# TASK DETAILS:
Print the lines below from the line with "They make belt" to the line with "Good morning, welcome" exactly, keeping both ends, and print no pictures.
------ RECORDS FOR THE TASK
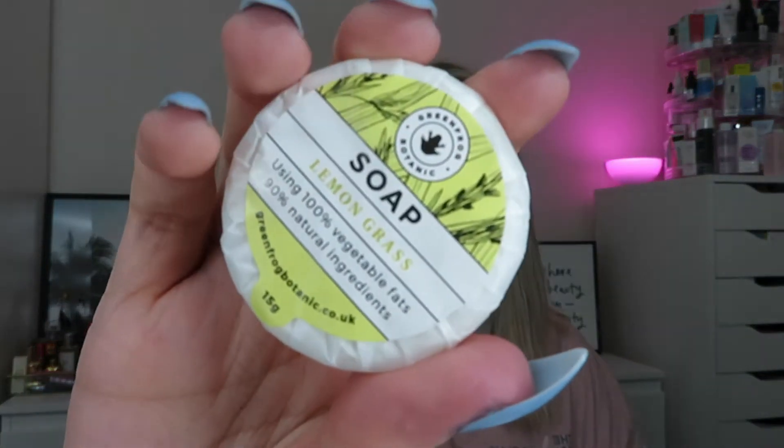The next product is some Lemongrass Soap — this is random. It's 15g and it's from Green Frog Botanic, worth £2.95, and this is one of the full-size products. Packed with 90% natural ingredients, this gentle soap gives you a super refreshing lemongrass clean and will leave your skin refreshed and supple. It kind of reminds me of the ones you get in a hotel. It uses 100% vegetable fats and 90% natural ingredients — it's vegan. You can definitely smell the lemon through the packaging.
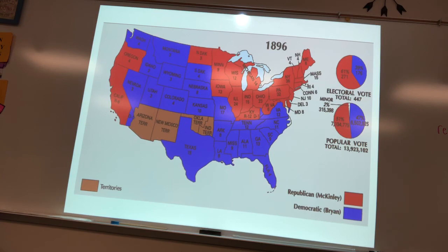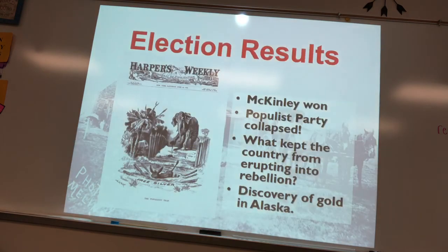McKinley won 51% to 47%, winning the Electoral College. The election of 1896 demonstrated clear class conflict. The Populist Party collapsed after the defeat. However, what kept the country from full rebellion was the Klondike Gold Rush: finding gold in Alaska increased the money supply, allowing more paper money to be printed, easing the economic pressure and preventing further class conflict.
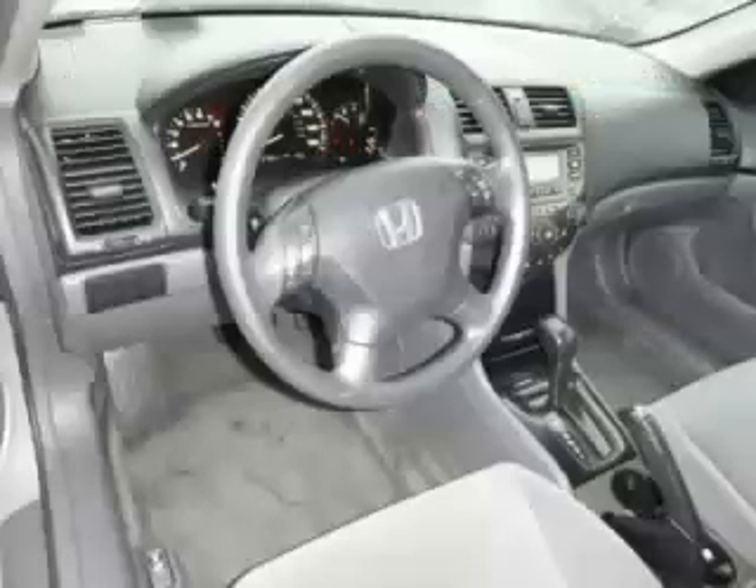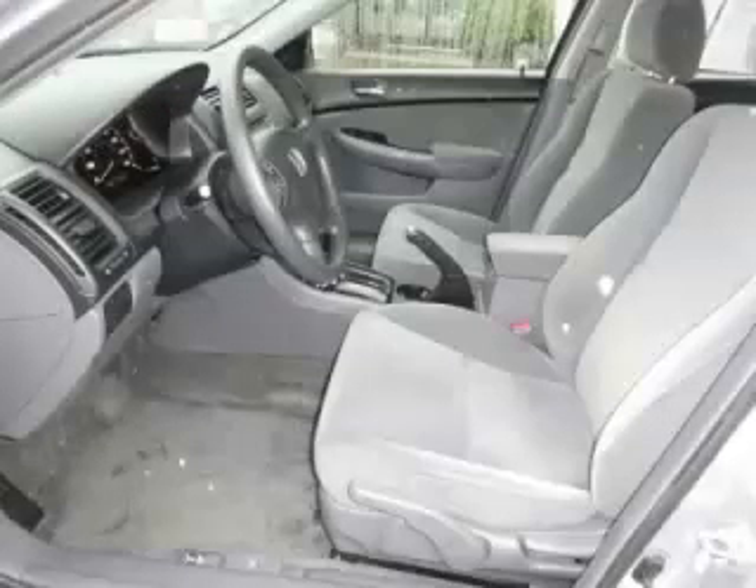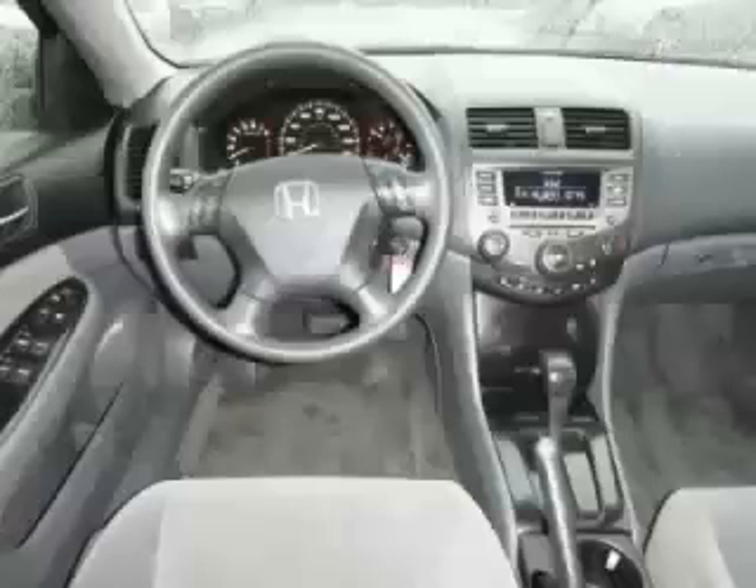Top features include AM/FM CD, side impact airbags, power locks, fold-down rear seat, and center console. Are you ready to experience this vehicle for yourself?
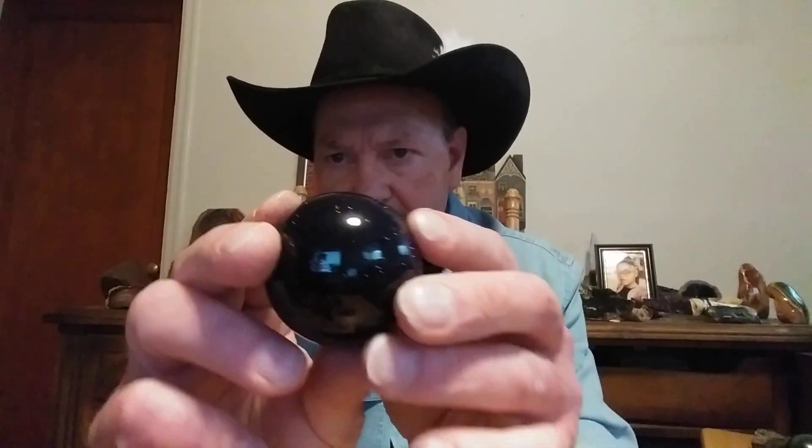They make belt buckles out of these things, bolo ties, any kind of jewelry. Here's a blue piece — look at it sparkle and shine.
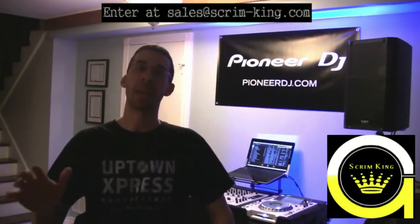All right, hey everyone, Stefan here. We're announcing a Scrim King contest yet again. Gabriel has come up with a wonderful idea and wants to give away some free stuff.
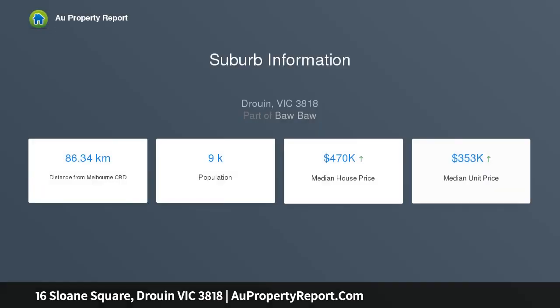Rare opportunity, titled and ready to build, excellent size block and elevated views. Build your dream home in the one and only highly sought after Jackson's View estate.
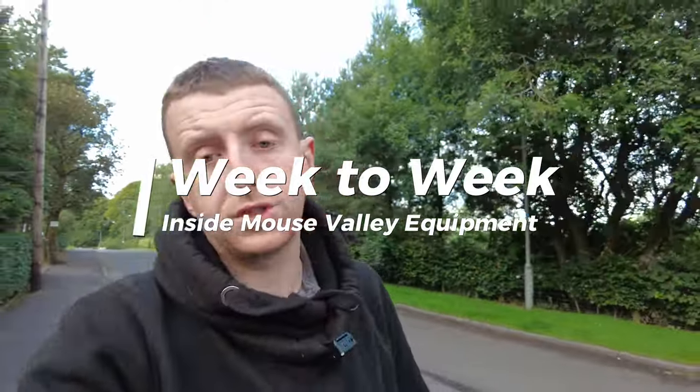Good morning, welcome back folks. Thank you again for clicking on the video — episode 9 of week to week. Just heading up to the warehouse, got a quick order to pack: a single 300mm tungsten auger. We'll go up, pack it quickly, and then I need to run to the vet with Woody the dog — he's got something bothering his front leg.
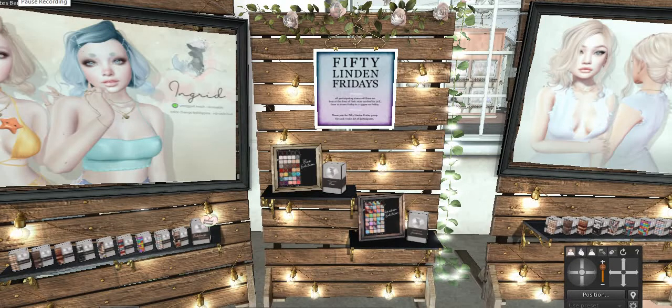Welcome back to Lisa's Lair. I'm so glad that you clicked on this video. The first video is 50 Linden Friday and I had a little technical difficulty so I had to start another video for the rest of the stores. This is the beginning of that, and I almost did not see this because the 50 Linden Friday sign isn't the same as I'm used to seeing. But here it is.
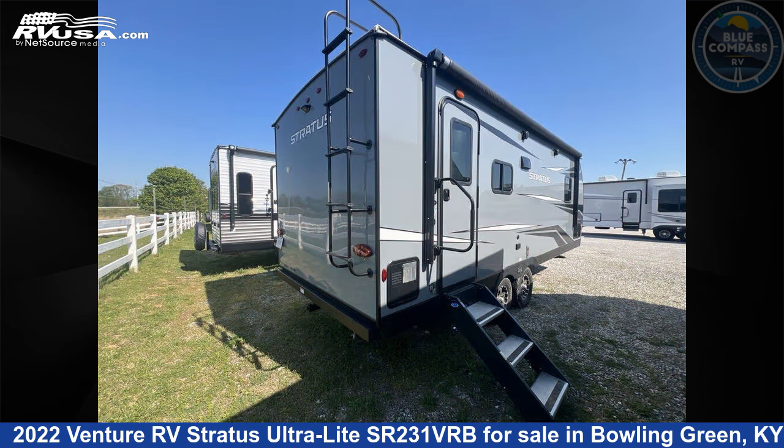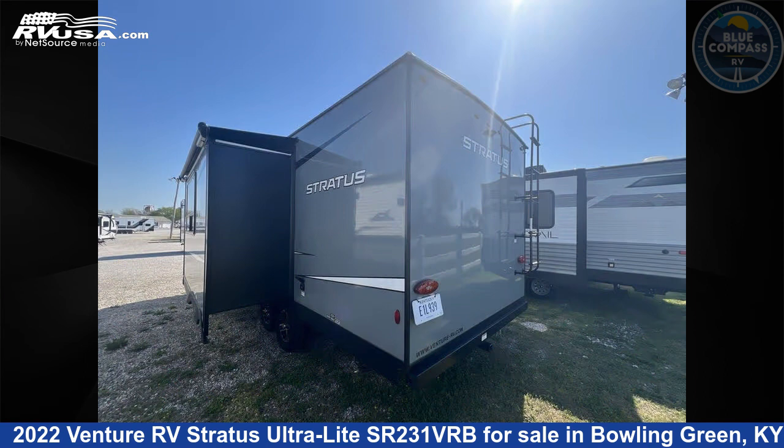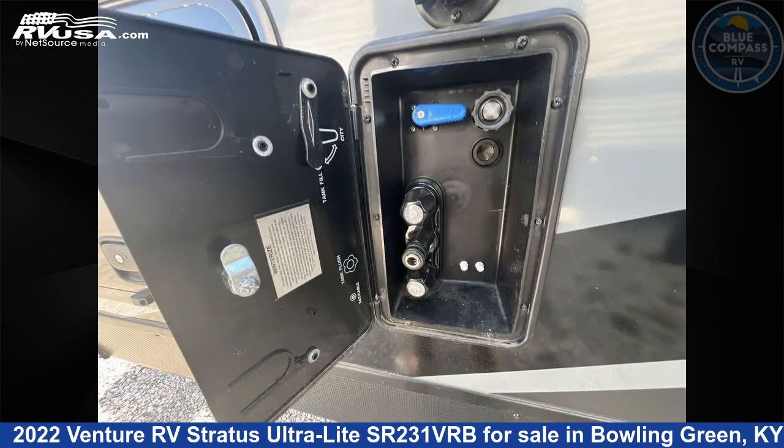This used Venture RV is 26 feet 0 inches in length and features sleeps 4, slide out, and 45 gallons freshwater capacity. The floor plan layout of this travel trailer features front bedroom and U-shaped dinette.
------------
------ RECORDS FOR THE TASK
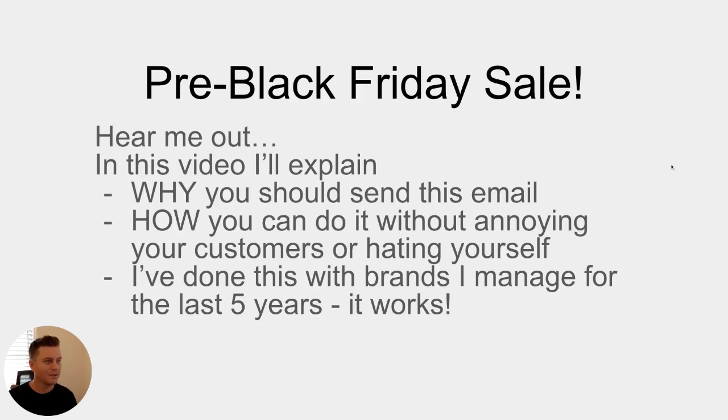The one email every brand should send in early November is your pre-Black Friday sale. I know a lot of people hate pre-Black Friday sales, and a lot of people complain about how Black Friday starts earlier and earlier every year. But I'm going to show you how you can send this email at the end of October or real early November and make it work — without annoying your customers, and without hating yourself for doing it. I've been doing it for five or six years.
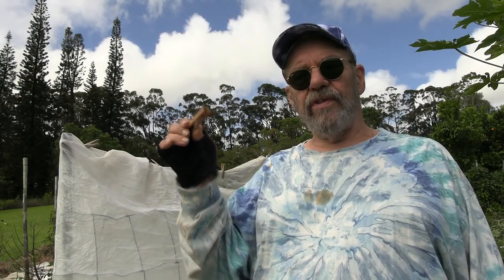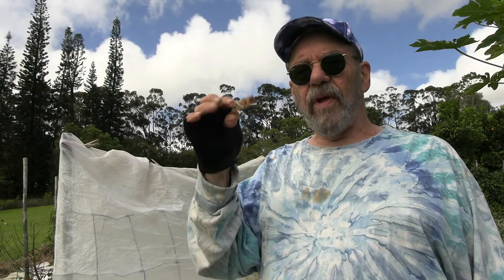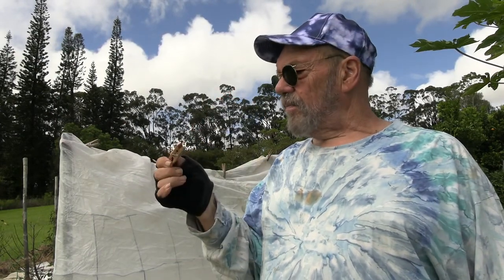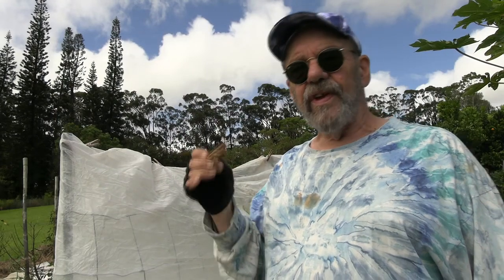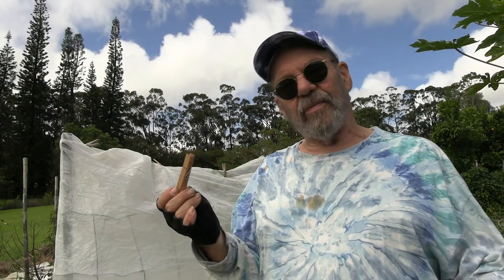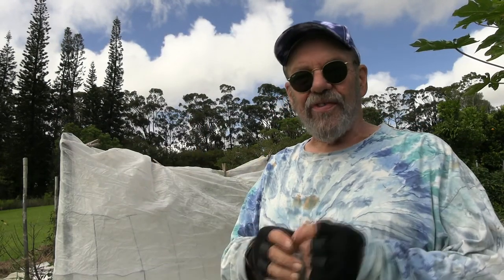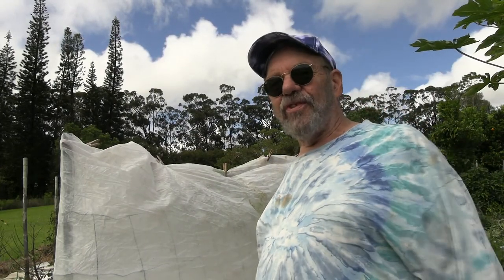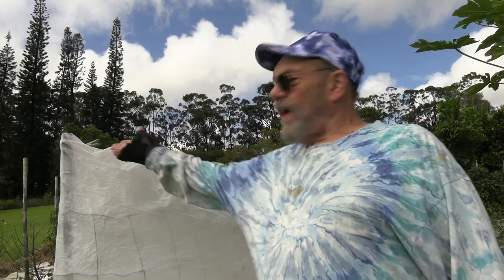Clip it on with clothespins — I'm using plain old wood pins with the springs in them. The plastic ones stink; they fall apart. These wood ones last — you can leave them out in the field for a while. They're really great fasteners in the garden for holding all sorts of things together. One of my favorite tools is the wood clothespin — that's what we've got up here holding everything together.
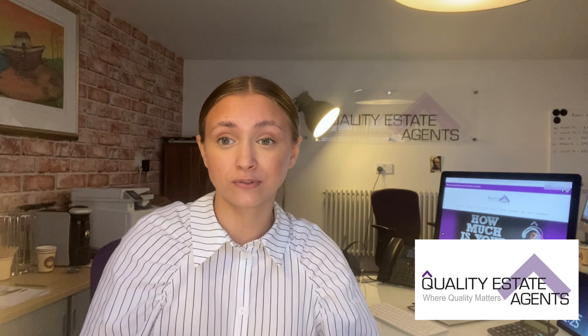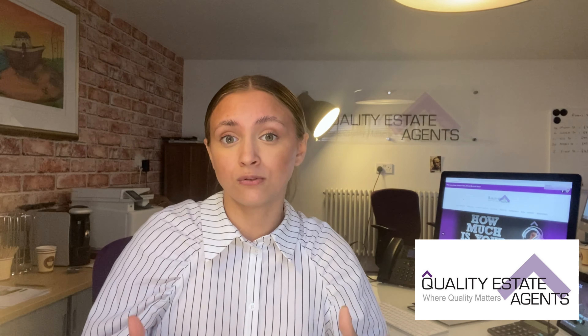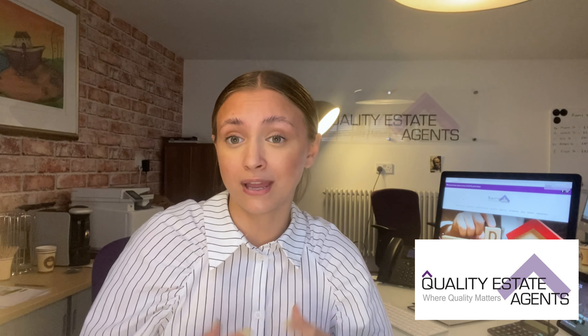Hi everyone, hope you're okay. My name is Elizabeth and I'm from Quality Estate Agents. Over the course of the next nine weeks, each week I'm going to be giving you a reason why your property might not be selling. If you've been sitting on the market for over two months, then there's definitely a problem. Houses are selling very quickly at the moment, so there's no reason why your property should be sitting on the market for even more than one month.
------------
# WRITTEN ANSWER:
They make belt buckles out of these things, bolo ties, any kind of jewelry. Here's a blue piece — look at it sparkle and shine.
All right, hey everyone, Stefan here. We're announcing a Scrim King contest yet again. Gabriel has come up with a wonderful idea and wants to give away some free stuff.
Rare opportunity, titled and ready to build, excellent size block and elevated views. Build your dream home in the one and only highly sought after Jackson's View estate.
Good morning, welcome back folks. Thank you again for clicking on the video — episode 9 of week to week. Just heading up to the warehouse, got a quick order to pack: a single 300mm tungsten auger. We'll go up, pack it quickly, and then I need to run to the vet with Woody the dog — he's got something bothering his front leg.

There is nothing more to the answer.